Gems' play dwells on Spencer's chaotic personal life; he deserts his loving wife for a social-climbing lesbian who doesn't intend to sleep with him. Instead, she mines his social circle for professional contacts and then takes possession of his house, reducing him to near-vagabond status. For the Broadway production, Mumford embraced the oddly configured space of the Circle in the Square, noting that the theatre's deep-thrust format was similar to that of the Cottesloe, the Royal National venue where Stanley premiered. The LD used a distinctive color palette which includes unusual shades of pink and green. The pink, he says, is Lee 169 Lilac Tint; although he says that there are several greens in the plot, the main color is Fluoro Green from Lee. The colors, he adds, are "related to the paintings. Stanley talks about the number of greens in the English landscape; also, there's a pinkish tinge in many of the paintings. One wanted to make [the lighting] as painterly as possible."

Throughout the production, the LD made use of striking effects. The play's opening scene seemed to take place under the glare of one bare incandescent bulb (really the work of several subtly placed instruments). The paintings hung on the surrounding walls were often illuminated by carefully framed blocks of light. Other scenes of the painter at work, particularly the finale, seemed to glow from within.
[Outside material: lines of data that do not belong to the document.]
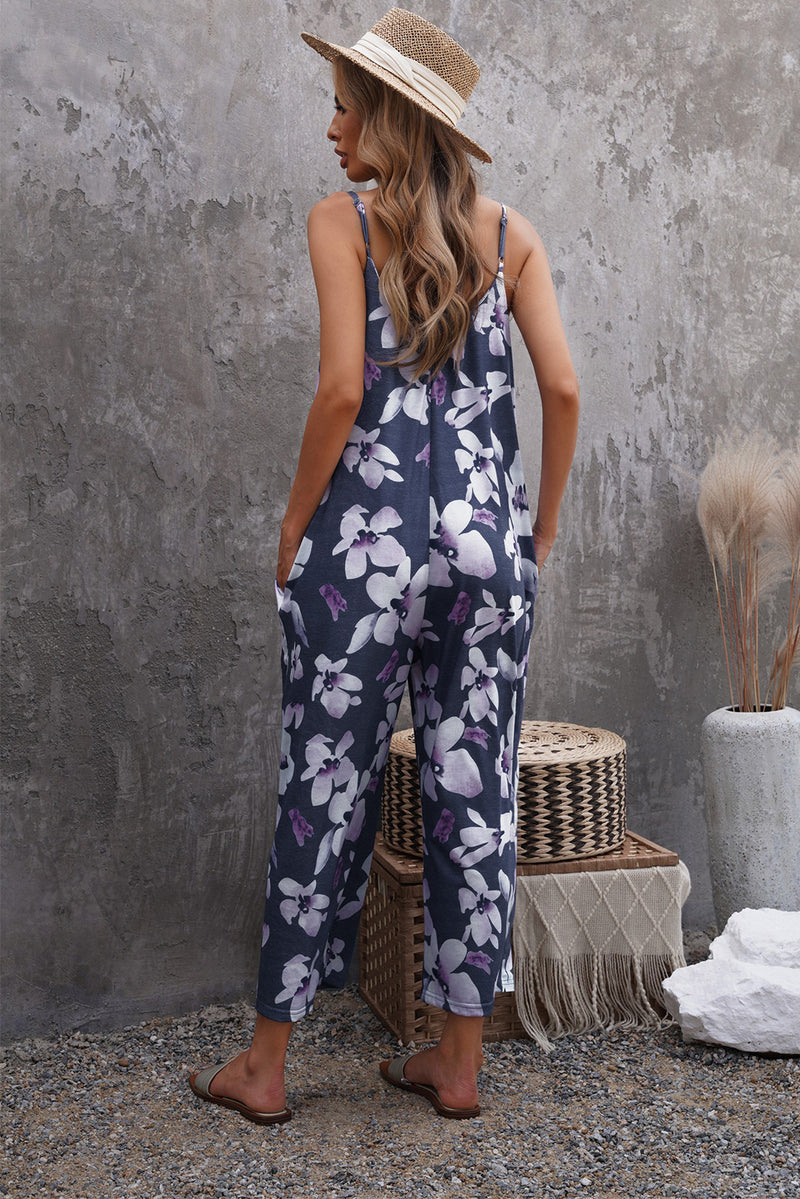 Botanical Print Spaghetti Strap Cropped Jumpsuit - AnnieMae21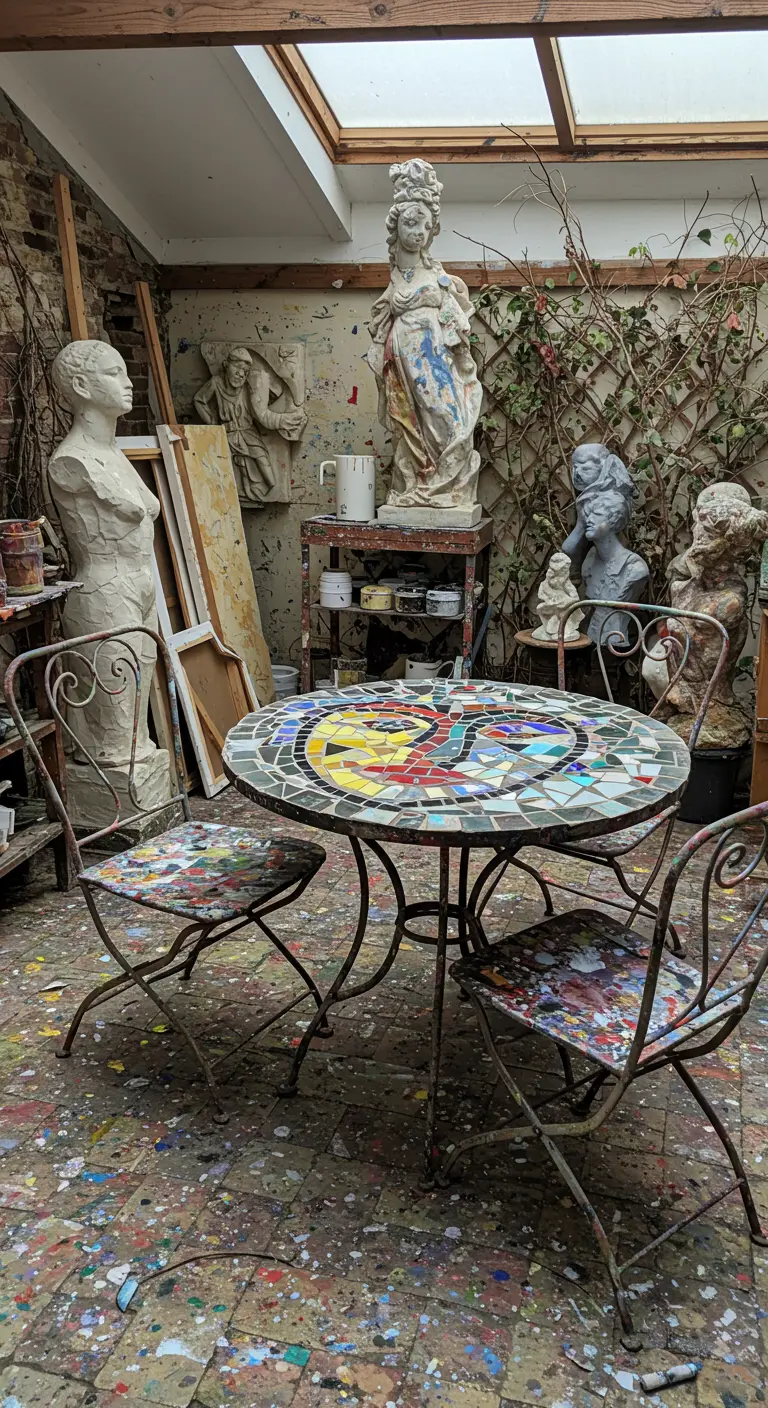 A rustic bistro set with a colorful mosaic table, splattered with paint in an artist's studio.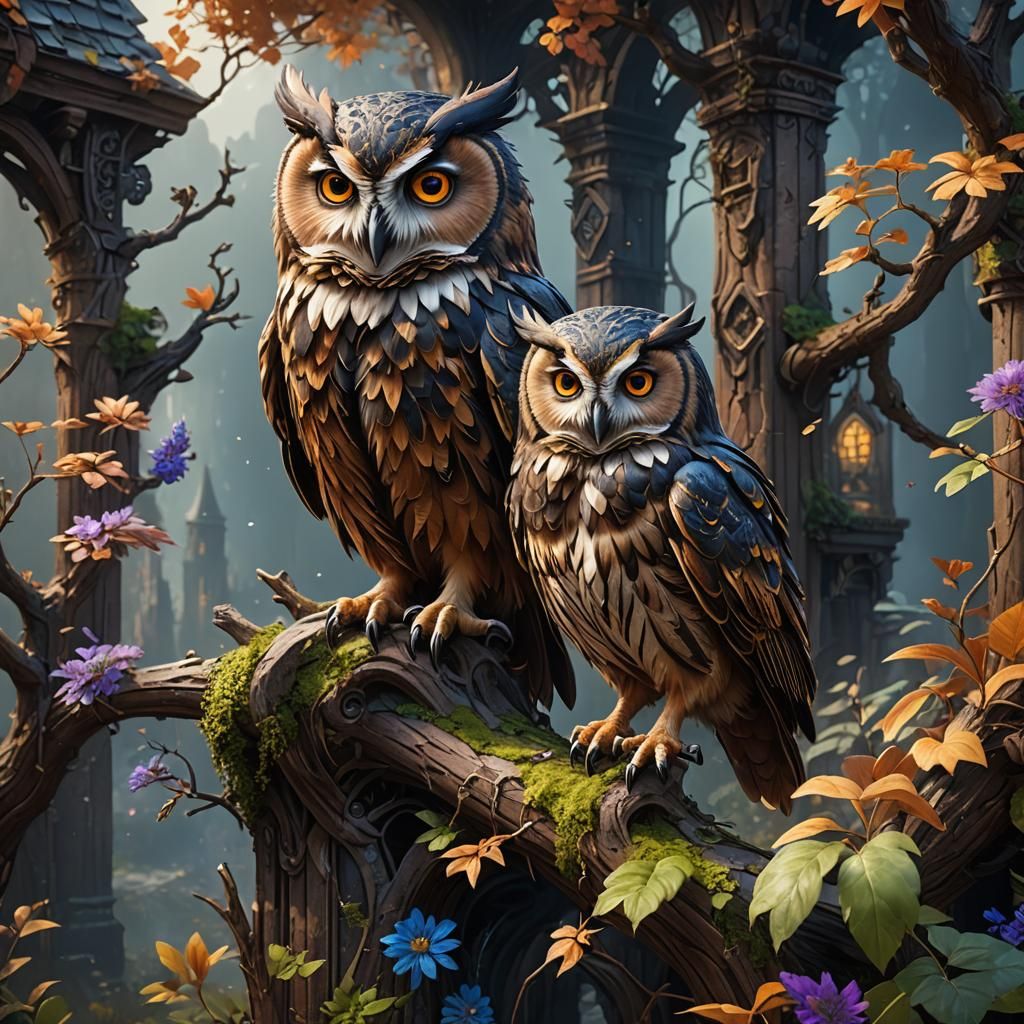 Detailed Owl Matte Painting in Fantasy Style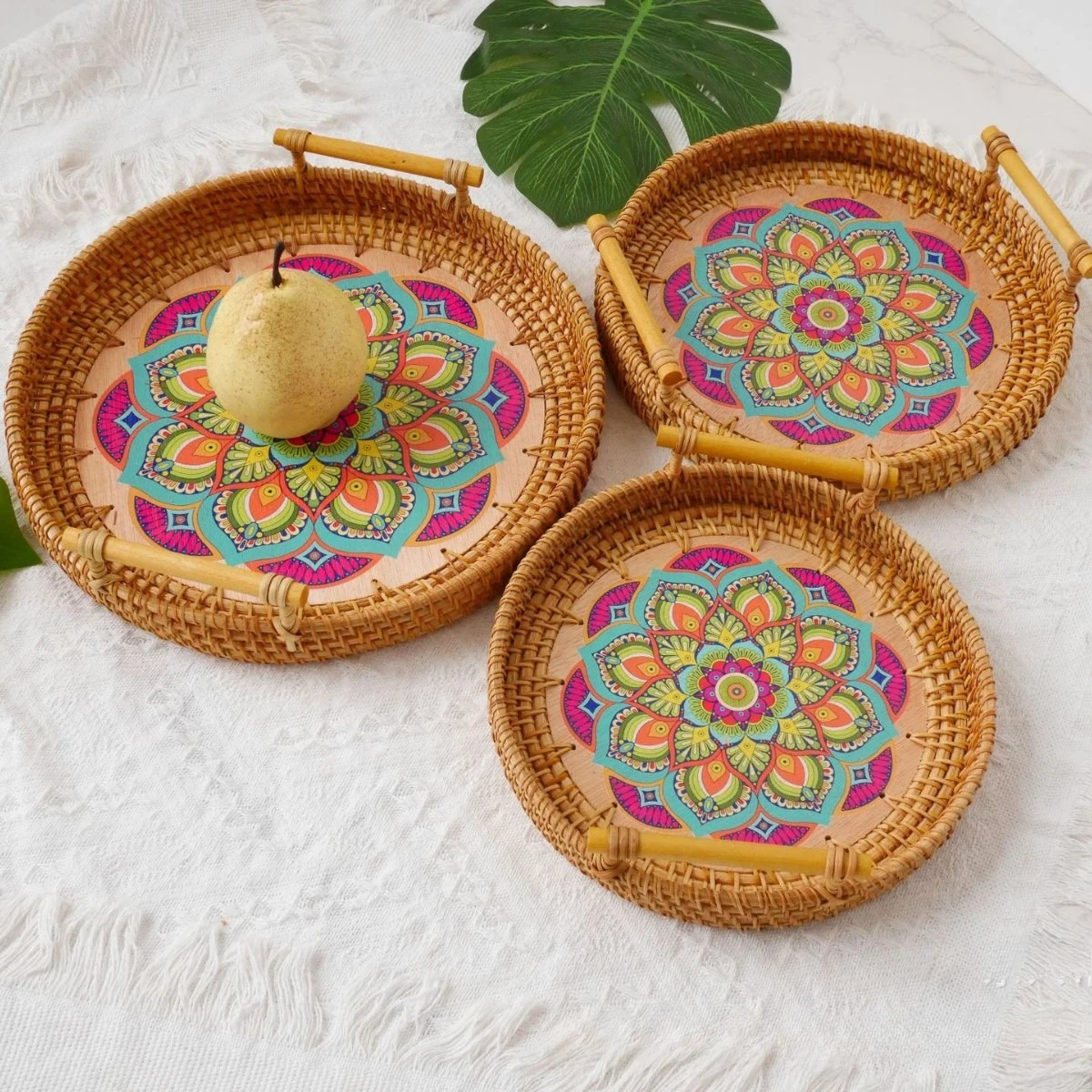 Hand-Woven Rattan Fruit & Snack Basket with Handle – Bamboo Wicker Storage Tray for Outdoor & Home Use 4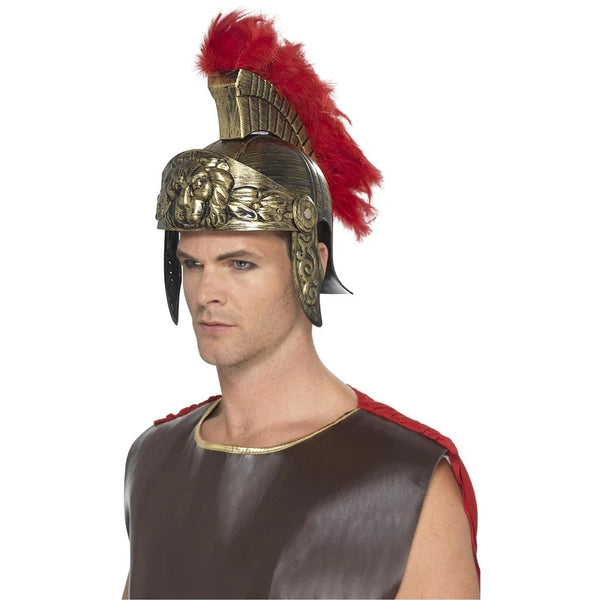 roman spartan helmet gold red costume accessory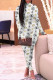 White Fashion Casual Print Basic Turtleneck Long Sleeve Two Pieces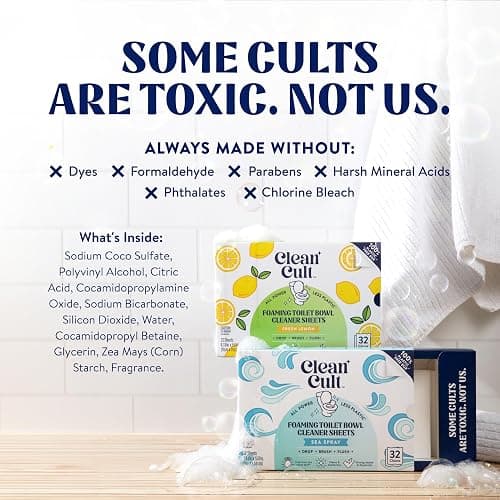 Cleancult Toilet Bowl Cleaner Sheets - Dissolvable, Septic Safe, Effective Cleaning, Removes Stains & Rings, Cleans & Deodorizes - 32 Uses - Fresh Lemon Scent - Plastic-Free Packaging,(Pack of 2) thumbnail 5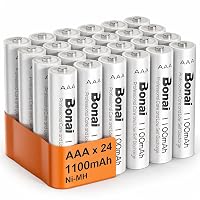 BONAI 24 Batterie Ricaricabili AAA Ni-MH 1100mAh 1.2V Scorta Famiglia Pile Ministilo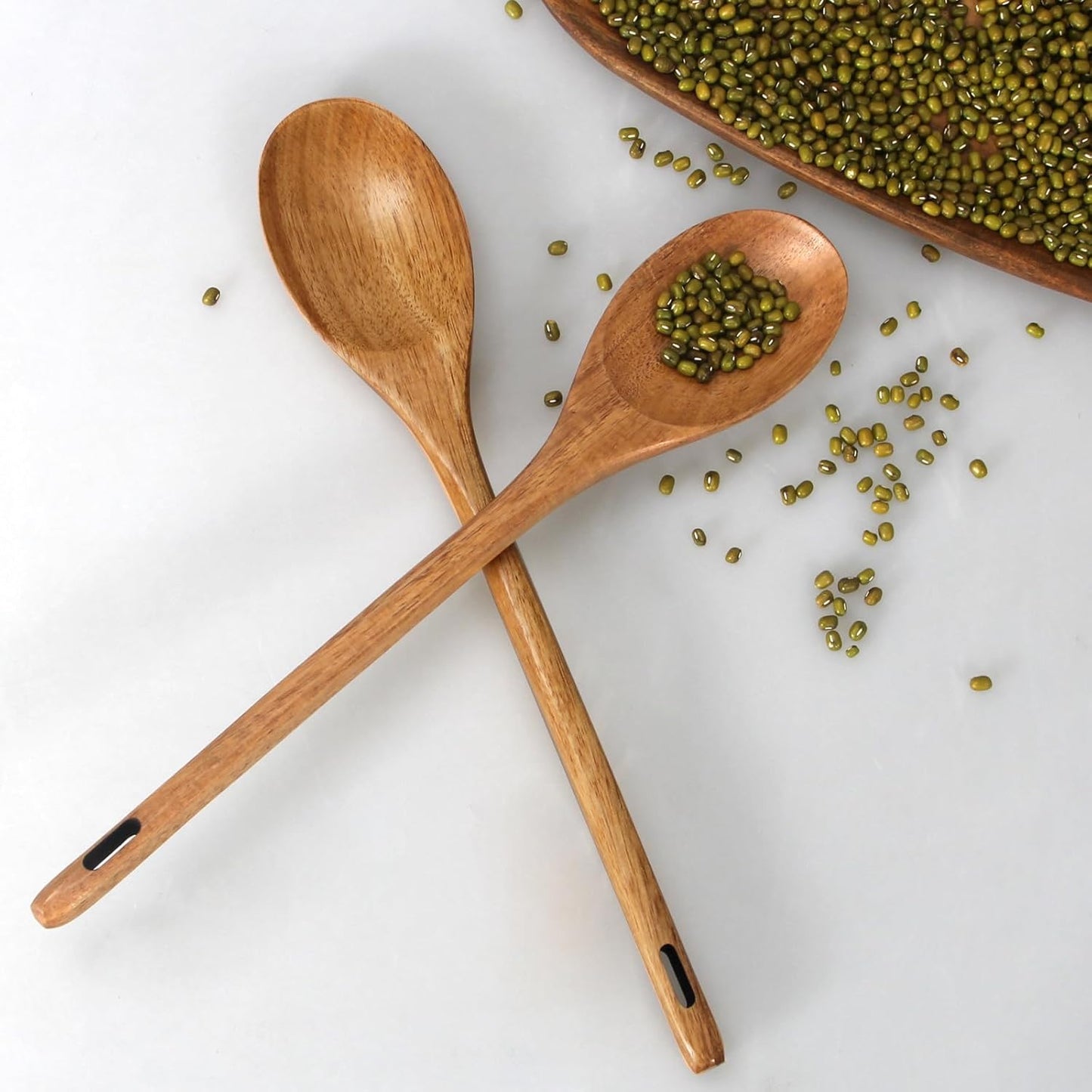 2 Pcs 12" Large Wooden Spoons for Cooking Utensils Set Wood Spatula Mixing Stirring Serving Spoon Spoons Long Handle Teak Spoon Kitchen Tools Big Spatula Bamboo Cooking Spoons Kitchen Utensil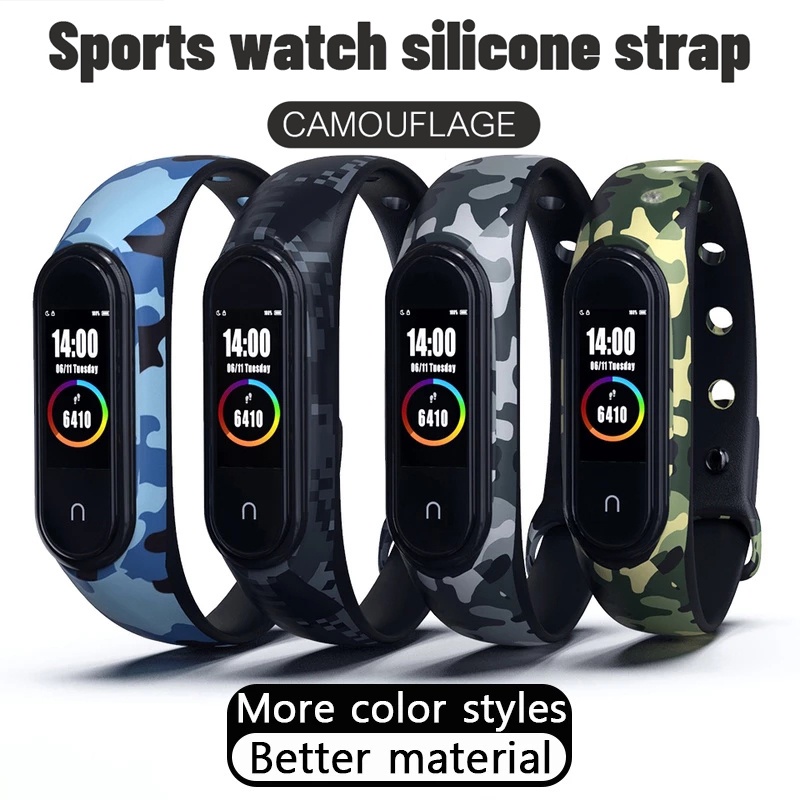 XIAOMI MI 1 件迷彩印花軟矽膠運動腕帶 / 女士和男士智能手錶替換腕帶兼容小米 Mi Band 7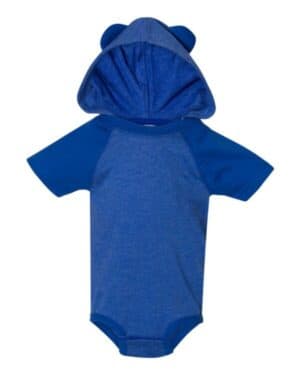 VINTAGE ROYAL/ ROYAL 4417 fine jersey infant short sleeve raglan bodysuit with hood & ears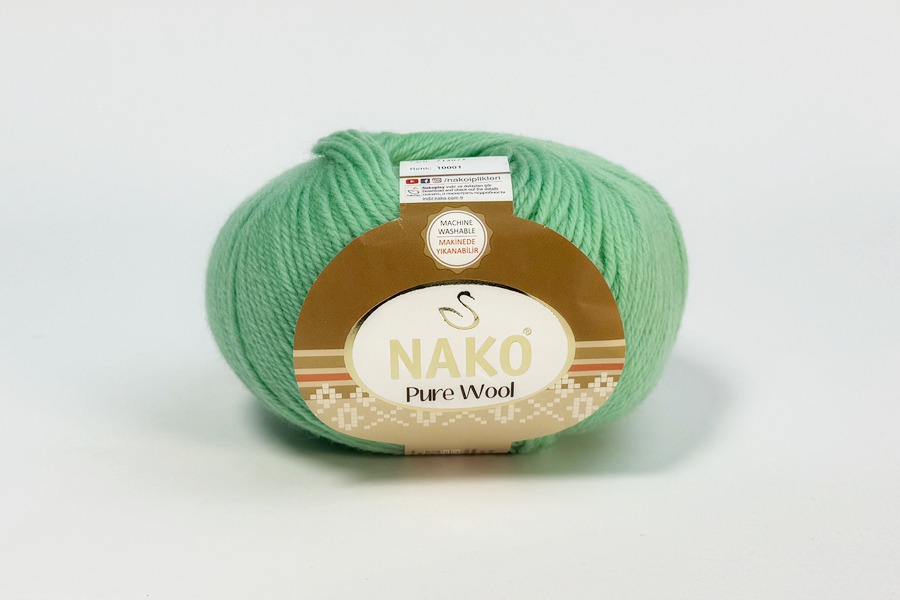 Пряжа 100гр/220м Pure wool, м'ятний темний, 10001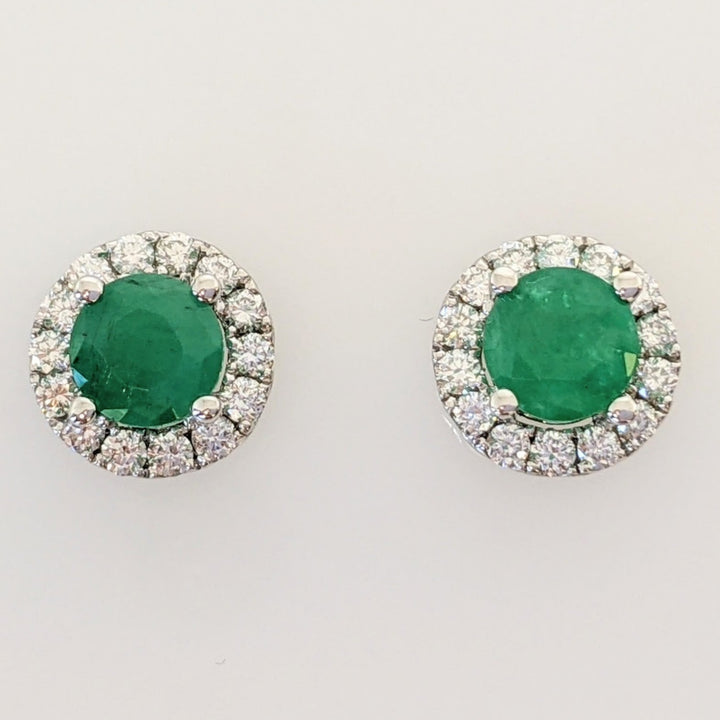 14K WHITE EMERALD ROUND 1.00 CARAT TOTAL WEIGHT WITH .34 DIAMOND TOTAL WEIGHT HALO ESTATE EARRINGS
The LD notes that the effect was achieved through the use of lighting focused "very, very tightly onto the artist's pad from directly above." The glow was achieved by "light bouncing off the pad. Antony does paint and draw in the play; he needs visual access to what he's doing." Overall, the designer is pleased with the Broadway production, adding that at Circle in the Square, "I think we almost got it looking better, not being in repertory," and having to change productions on a regular basis.

Unlike Stanley, with its multiple scenes and locations, A Doll's House is the very model of a well-made play. Ibsen's tale of a 19th-century marriage's downward spiral is played out in the confines of a single box set. As a result, Mumford's work was, he says, "very different from Stanley, much more naturalistic." In many respects, the LD took his cue from the performance of McTeer. "This is much more about allowing the performance to go, go, go," he says, adding that her performance carries a certain degree of volatility: "You don't necessarily know where she's going from night to night." He worked, he says, at "creating cues which should not be very apparent, that have to do with time passing in a room, until, finally, there's just an oil lamp burning." The latter effect is the result of "long, slow cues, over a period of literally minutes as your eyes adjust to the dark." Overall, he adds, the result is "less expressionist than Stanley-more filmic, more naturalistic." In any event, each production reveals its protagonist at the end to be vindicated in his or her independence; both characters are fated to live in a solitary light.

Mumford adds that Stanley is controlled by a Strand mini-Lightpalette, while A Doll's House is run on an ETC Obsession. Lighting for Stanley was supplied by Production Arts Lighting; BASH Theatrical supplied A Doll's House. David Lander was the assistant designer on both productions.